Of the things I have done in my life, being privileged to be a Submariner is the one thing that stands out the most.
Looking back in the mirror of over forty years, what made being a submariner so special was a combination of men, machines, methods and materials (as well as the environment we lived in).
The men were bold and adventurous. In order to surrender your personal freedom and commit part of your life to operating in a steel tube (often for months at a time), you had to have a great sense of boldness. These are the men that forty years later I still call brothers. The shared sacrifice we made cemented that bond. They were the embodiment of trust and loyalty. They still are.
The machines were part of this experience too. The ones we rode on are all special to us since they took us into the unknown and brought us safely home in most cases. Whether they were named after fish, men, cities or states, they were our boats. Some rode to glory in a haze of diesel exhaust and some silently lurked beneath the surface on an invisible field of power. What made them common was the pressure that pushed against their hulls when they were sent into danger.
The methods evolved with the technology. The little pigboats that felt almost tethered to the shore were replaced by sleek combat vessels. Despite the horrific loss of 52 of them during World War 2, they emerged with more enemy tonnage sunk per capita than any other combat vessels. Post war, they ran picket duty against the new threat and became platforms for exotic missiles with a powerful projection. These warriors were at the front line of the Cold and Gulf Wars and although their stories will never be fully known, influenced the shape of the world for decades.

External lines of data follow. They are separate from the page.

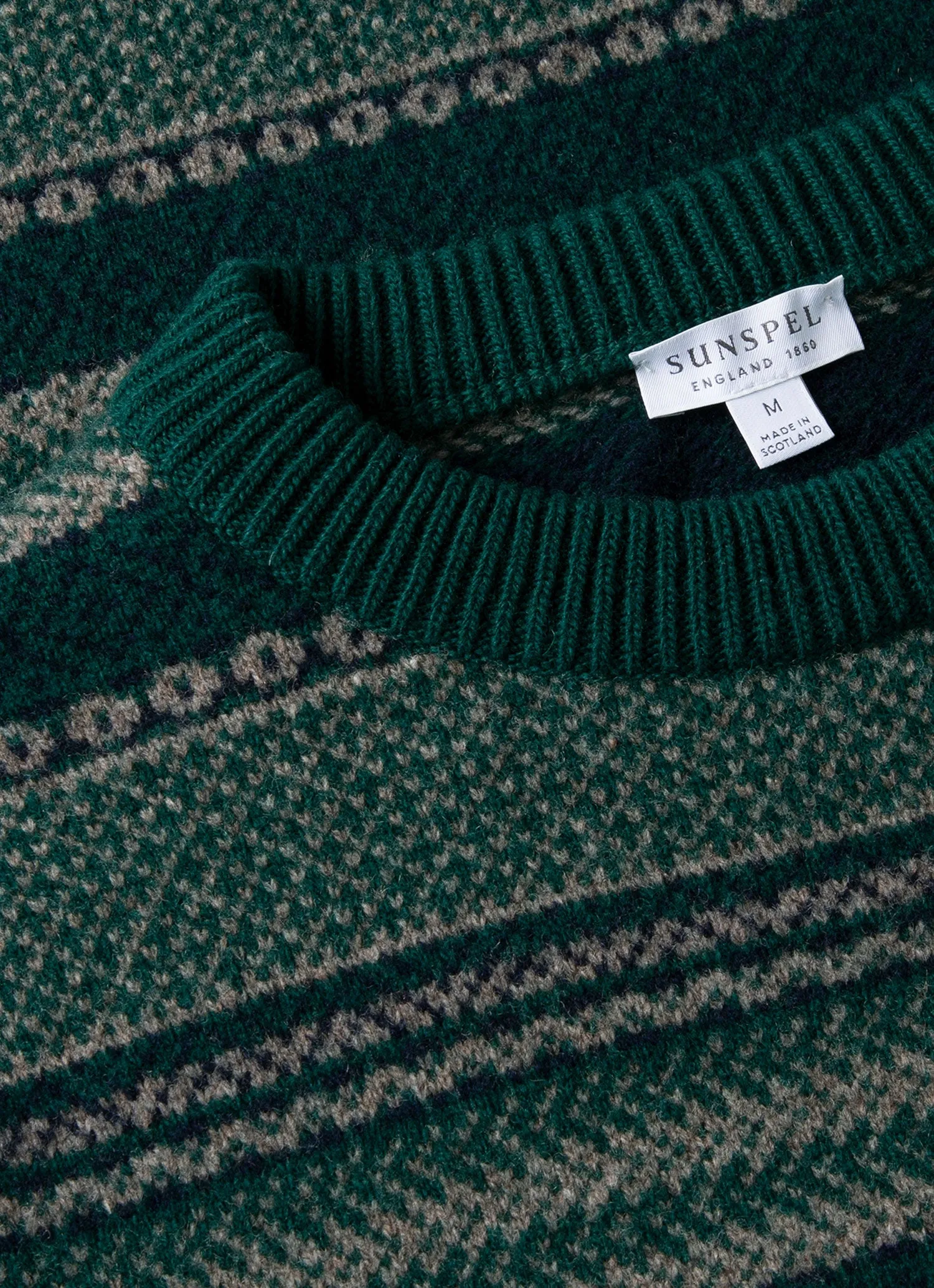 Men's Lambswool Fair Isle Jumper in Holly Green sold by Sunspel product image thumbnail 4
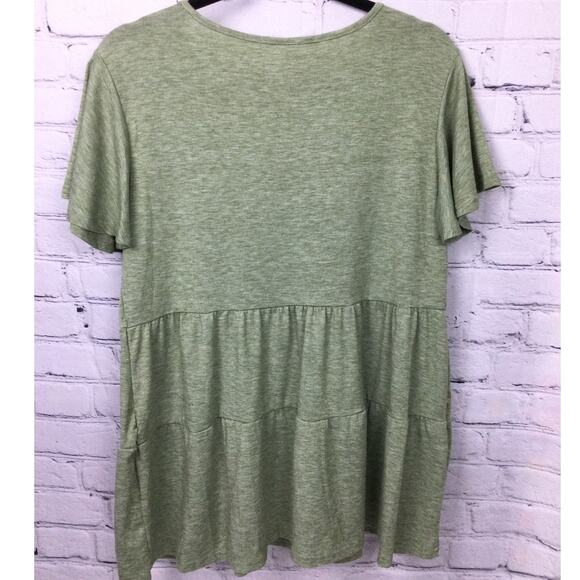 Hibluco Round Neck Flared Short Sleeve Soft Tiered Babydoll Green Tunic Top Sz L - Picture 4 of 9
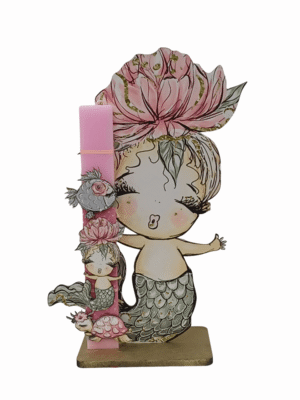 Χειροποίητη Στατική Λαμπάδα Γοργόνα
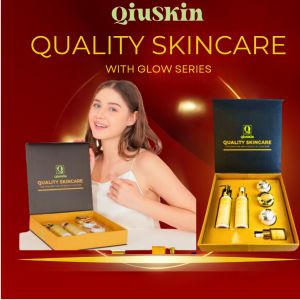 QiuSkin paket 6 Rangkaian Skincare Penghilang flek hitam dan pemutih kulit wajah dan extra glowing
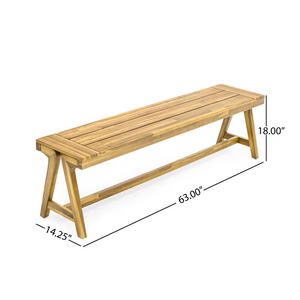 Outdoor Dining Benches (Set of 2) - Acacia Wood with Teak Finish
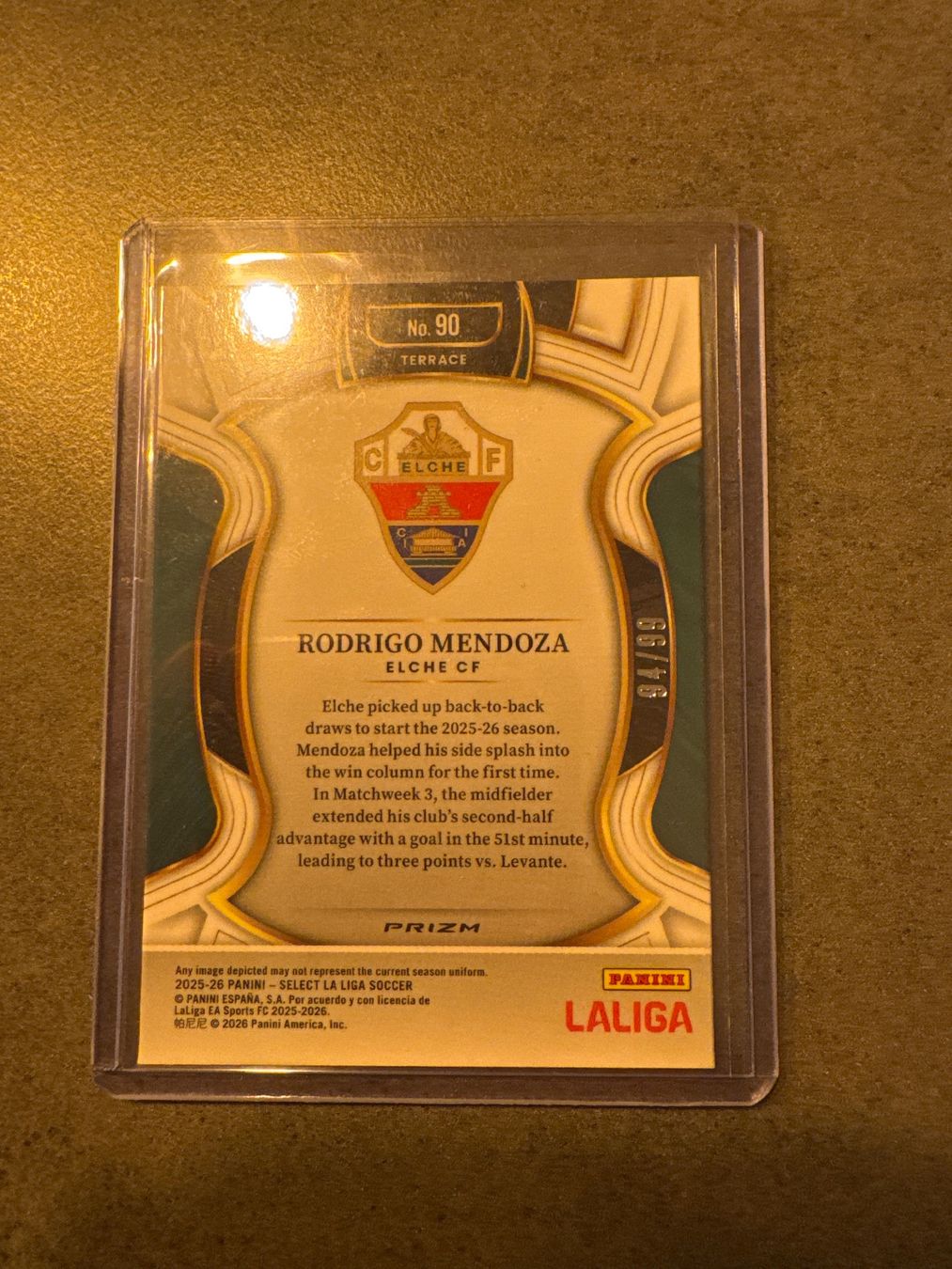 Panini Carte collezionabili: Panini Select Rodrigo Mendoza /99 – Nuovo (secondo la descrizione) da Winterthur venduto da Fischinho 1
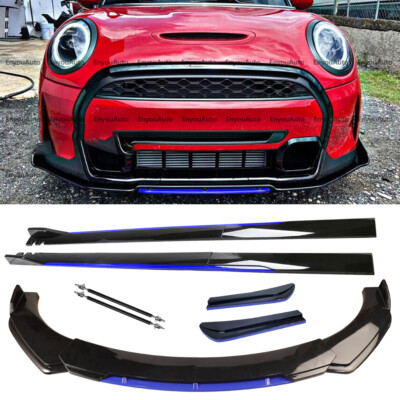 #ad #ad For Mini Cooper Front Bumper Lip Side Skirt Rear Bumper Lip Strut Rods Blue $113.46
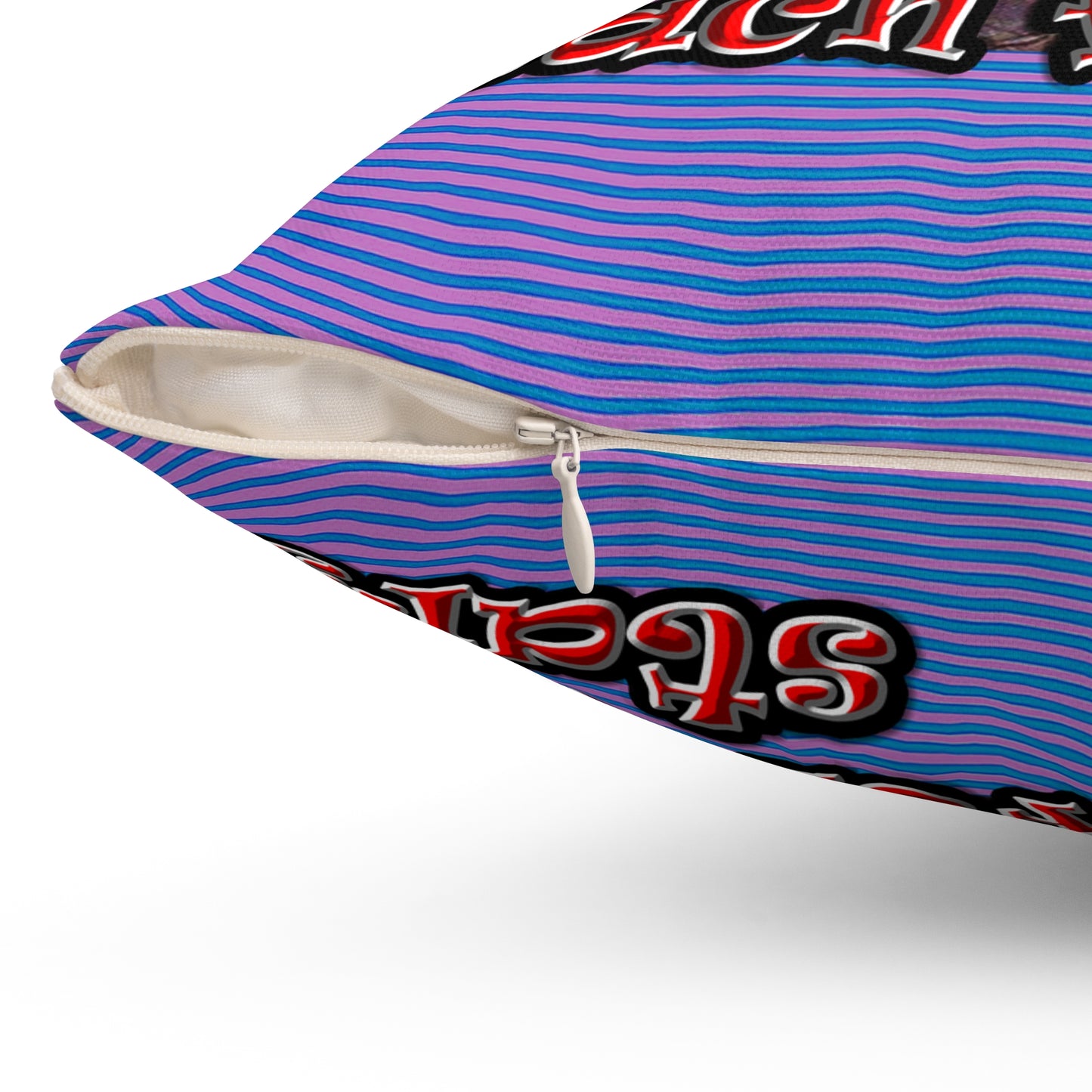 defy conquer reach - Spun Polyester Square Pillow - (light blue-purple wave)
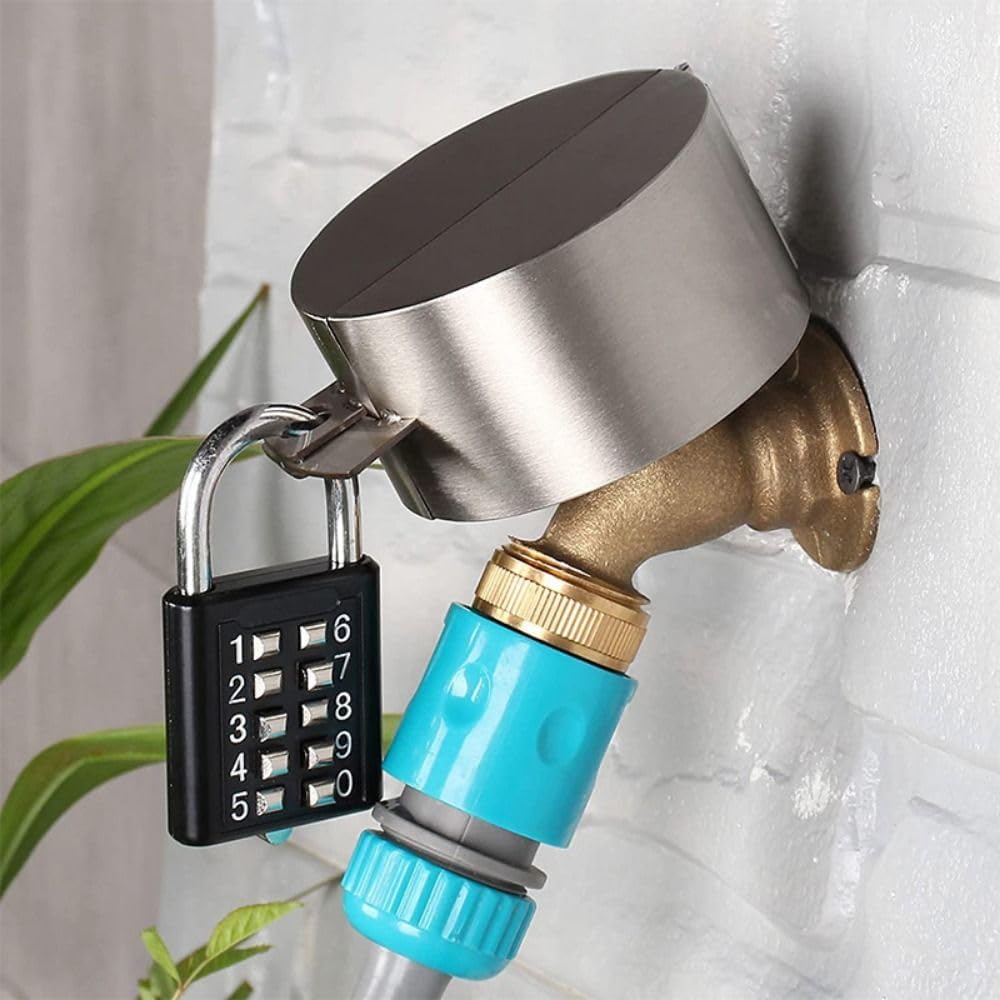 Lock with Cover, Anti-Theft Garden Hose Tap Lock, Safety Wall Mounting Type Stainless Steel Faucet Lock Cover for Outdoor Kitchen(Faucet Lock Cover)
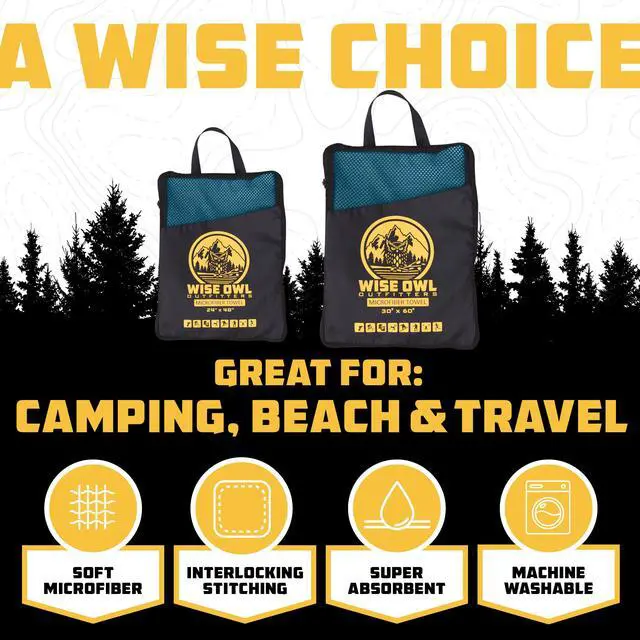 Alt view image 2 of 7 - Camping Towel by Wise Owl Outfitters - Ultra Soft Compact Quick Dry Microfiber - Great for Fitness, Hiking, Yoga, Travel, Sports, Backpacking & The Gym - Free Bonus Hand Towel 24x48 MB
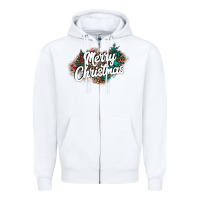 White Merry Christmas Zipper Hoodie - CowhideDigitalArt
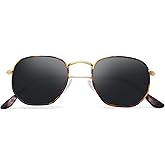 YWWPMDOF Polarized Sunglasses for Womens Men Trendy Square Hexagonal Flat Mirrored Sun Glasses UV Protection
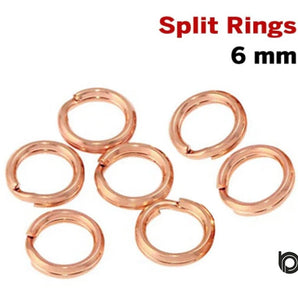 Rose Gold Split Rings,5 Pieces, (RG/750)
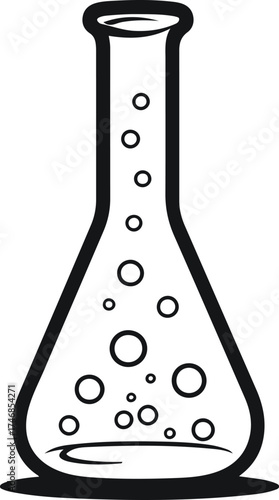 Smooth continuous line art of a laboratory flask with bubbles 3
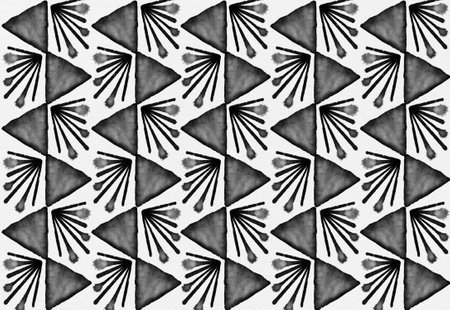 Abstract geometric triangles drawing bold black white pattern surface ornament repeated chess geometrical ink watercolorの写真素材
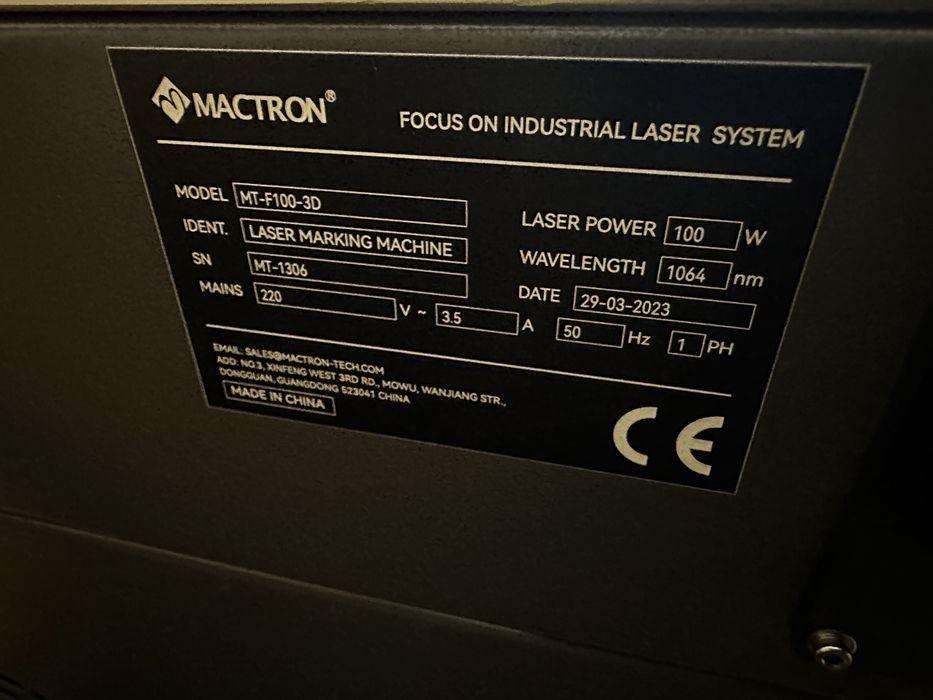 Лазерний маркувальний верстат з 3Д функцією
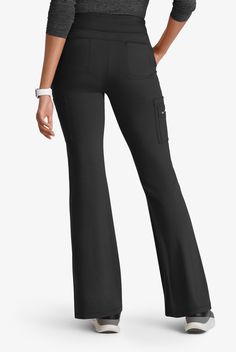 Our Sprint Women s 7-Pocket STRETCH High-Rise Fit & Flare Scrub Pants is the ideal blend of fashion and function it is a yoga inspired high waisted stretch waistband with a flare leg. With an innovative knit fabric and a fashion forward profile the Barco One Performance knit collection is designed for maximum comfort and flexibility, the next dimension in performance scrubs. It is the ultimate in sporty style and next level performance. • Modern fit • High rise • Elastic yoga waistband • Flare l Cute Nurse Outfits, Greys Anatomy Men, Workwear Ideas, Nurse Outfit Scrubs, Nurse Outfit, Dream Salon, Maternity Scrubs, Scrub Style, Dickies Scrubs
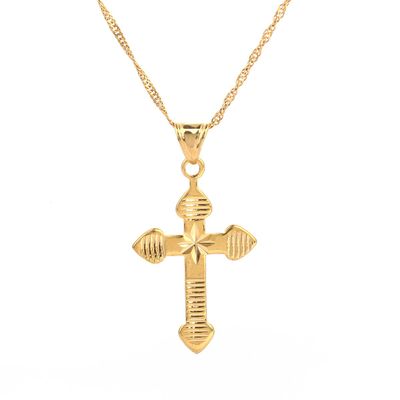 24K Gold Plated Cross Pendant Necklace Jewelry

Since Holland’s little boat first broke the surface, the materials have adapted for each new mission. Stronger, quieter, more adaptable to depths unfathomable in the old days, these boats are powerful voices in a world of threats.
The environment continues to challenge our boats. Sea mountains, hurricanes, typhoons and classified threats to submarine operations will always be the wild cards that increase the risk. Any person who has ridden a submarine into the unknown without being able to see what is ahead knows what it feels like to commit your life to something greater than themselves. But our boats and our people continue to fight them and overcome the odds in the very face of the unknown.
Someday we will all stand and have to take account for our lives. On that day, I hope to still be wearing my dolphins. That is a sure way for St. Peter to know that I once did my time in hell and I am ready to come home.